Problem statement = The expected output is the line with "Sweet_Sinn_ September 16, 2025" plus all lines after it to the end of the material below, reproduced exactly, with pictures omitted and nothing else included.

Exercise data =

+===+

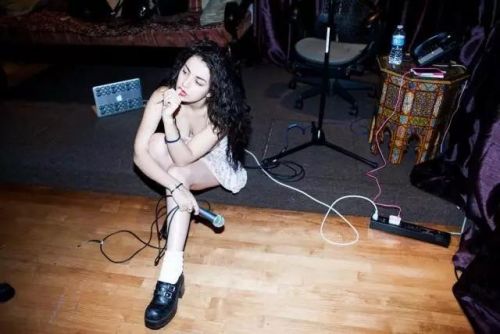 热恋歌曲排行榜前十名(十大经典爱情歌曲)插图9 热恋歌曲排行榜前十名(十大经典爱情歌曲)插图9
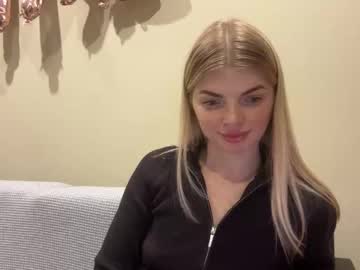 Sweet_Sinn_ September 16, 2025 Chaturbate stream image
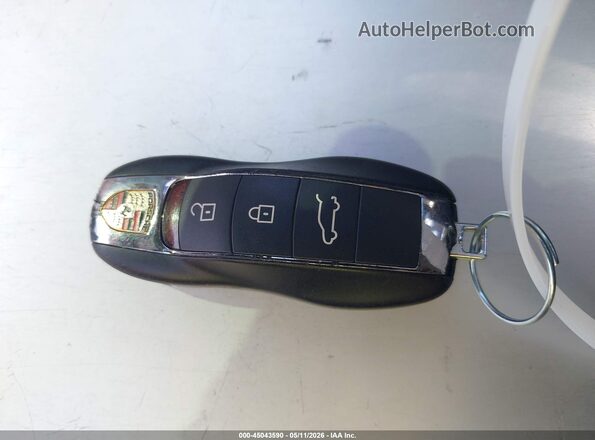 WP1AB2A54MLB34727 2021 PORSCHE MACAN Красный Вид панели приборов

+===+

Written solution =
 Sweet_Sinn_ September 16, 2025 Chaturbate stream image
 WP1AB2A54MLB34727 2021 PORSCHE MACAN Красный Вид панели приборов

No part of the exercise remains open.